The two-year graph for the iridium price shows the spike beginning in early 2010, and consistently rising throughout the year and into 2011. It broke $700 per ounce in the summer, then broke the $1000 mark earlier this year and continues to hold at $1050 today.
According to the Financial Times, iridium “is used in crucibles for growing crystals that are used in the manufacture of light-emitting diodes (LEDs). These, in turn, form the basis of backlit screens, which are essential in devices such as iPads and flatscreen TVs. As these products are in high demand all over the world, precious and rare earth metals are garnering a lot of mainstream media attention. Electrical industry demand for iridium rose to 194,000 ounces last year, 27 times the demand in 2009, according to Johnson Matthey, the PGM group that put out a report earlier this week in which these trends were disclosed. Overall iridium demand rose to 334,000 ounces.

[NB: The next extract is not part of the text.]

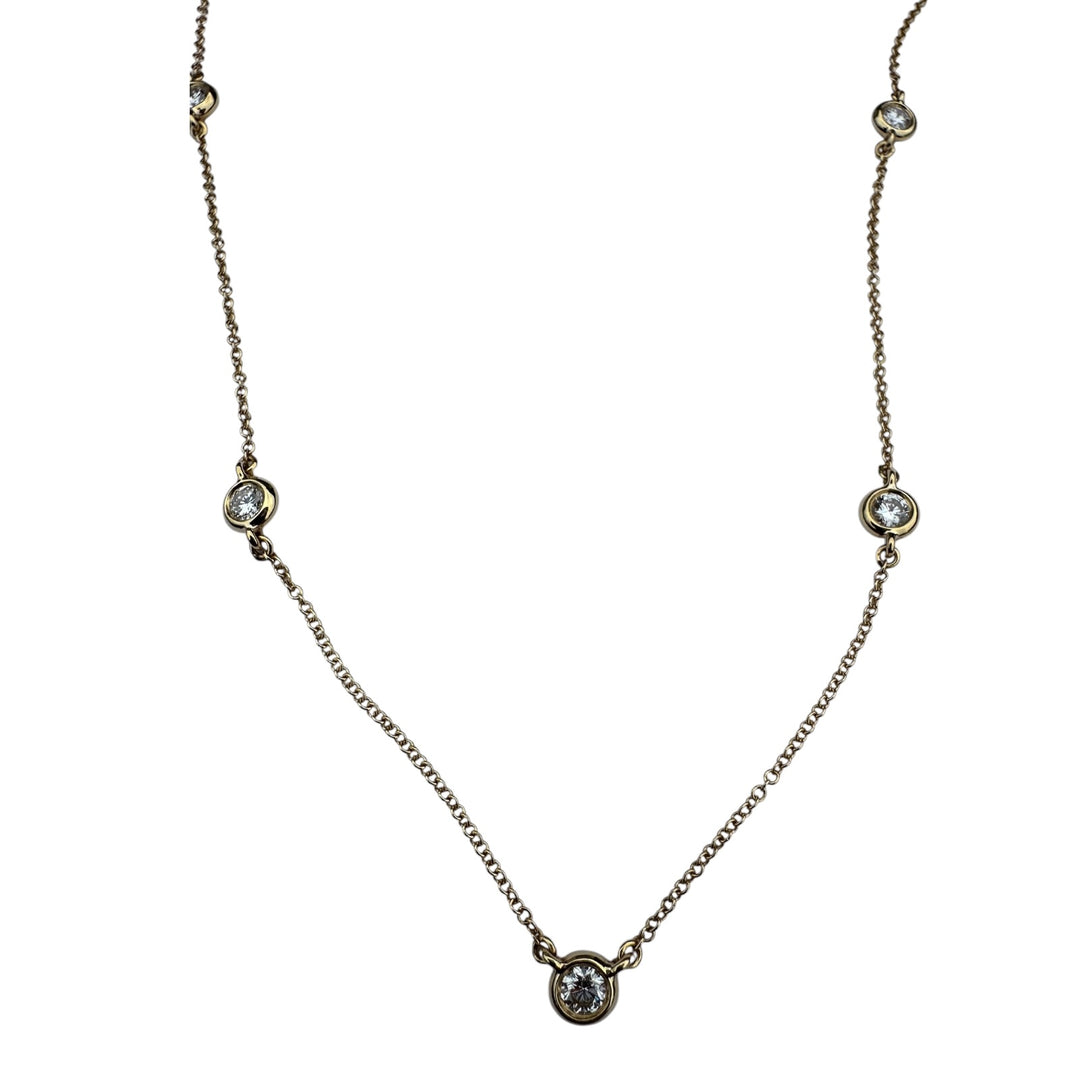 Modern 18 karat Yellow Bezel-Set 7-Diamond Station Necklace 1.40 Ct VS F/G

This is obviously good news for iridium producers Anglo Platinum, Impala Platinum and Lonmin, cited by the FT and Bloomberg.

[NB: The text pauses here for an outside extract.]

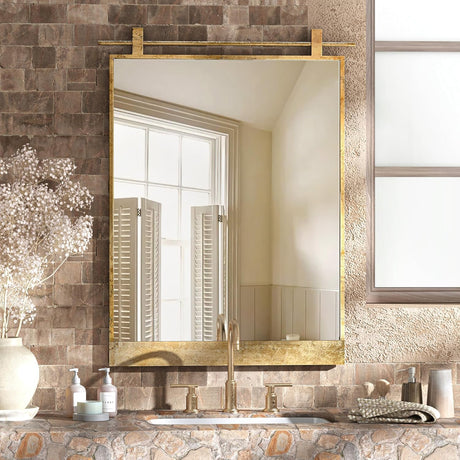NXHOME Gold Bathroom Mirror 20" x 28" Brushed Gold Rustic Rectangle Metal Framed Barn Door Farmhouse Bathroom Vanity Mirror for Over Sink, Foyer Entryway Decor NXHOME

“Iridium crucible manufacture expanded suddenly and rapidly during 2010, Johnson Matthey said in the report, as reported in turn by Bloomberg. “The small size of the iridium market helped amplify movements in the price as industrial buyers built their stocks of working metal in response to technology changes.

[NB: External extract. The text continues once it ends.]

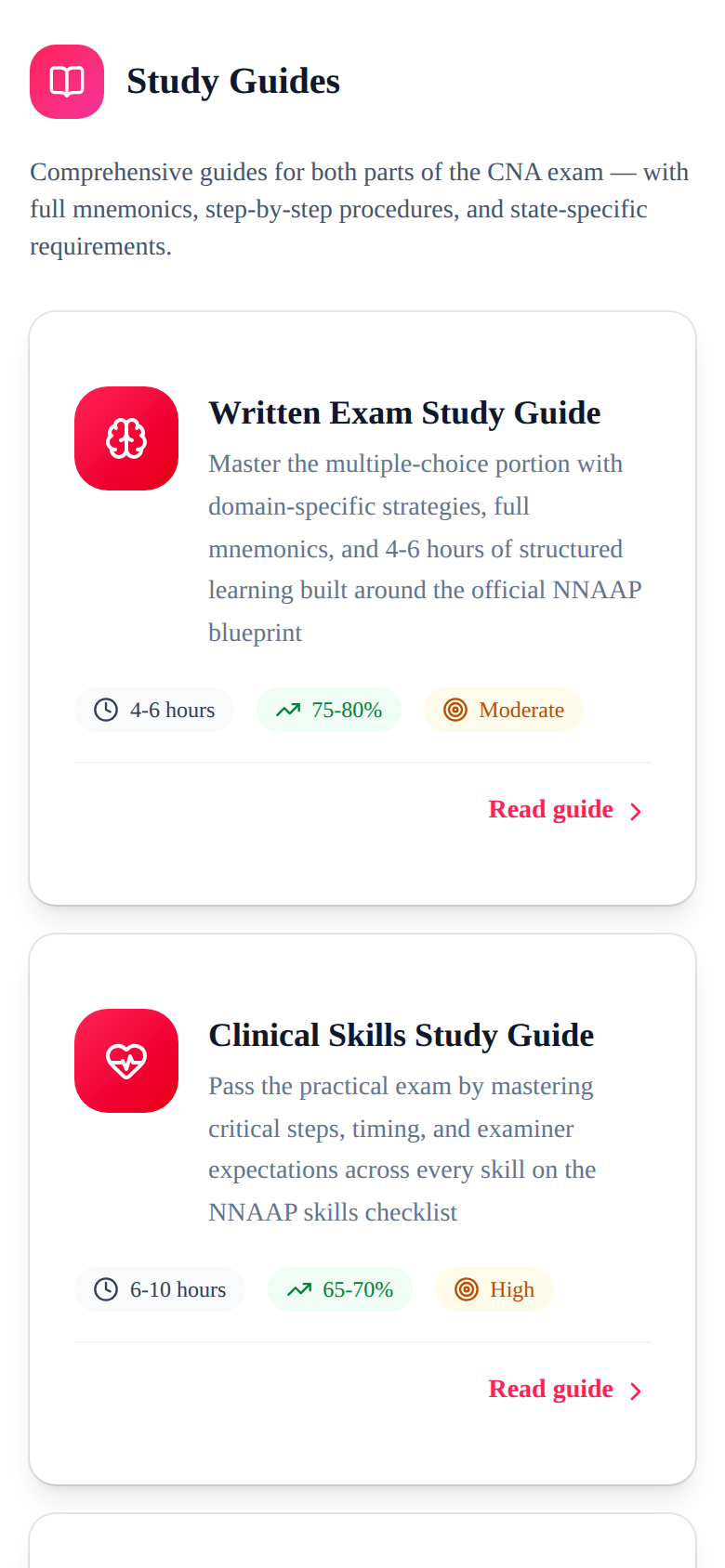 Study Guides index showing Written Exam and Clinical Skills guides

That’s the interesting thing about iridium and the fact that makes the importance of the metal quite real: the price increase is not reflective of investor speculation, but pure fundamentals. Back in early February, Johnson Matthey’s general manager for market research, Peter Duncan, called the price rise and told Reuters that the upward trend is “not speculative, there is real industrial buying driving it. One sector that’s a considerable driver of iridium demand, according to that report, is the chlor-alkaline industry, accounting for about 20,000 ounces.
But of course, the explosion in iridium demand and price will force buyers to look for substitutes, since the high market prices are not really sustainable for continued industrial use. Paul Walker, the chief executive of metals consultancy GFMS, told the FT that prices would have to fall back down to the $700 or $800 level to guarantee the metal’s place in various technologies.
“We’re on the cusp of an explosion in growth of LED applications, Walker told the paper. “The question comes down to what technology do you use to grow the LED crystals? That depends on the price point.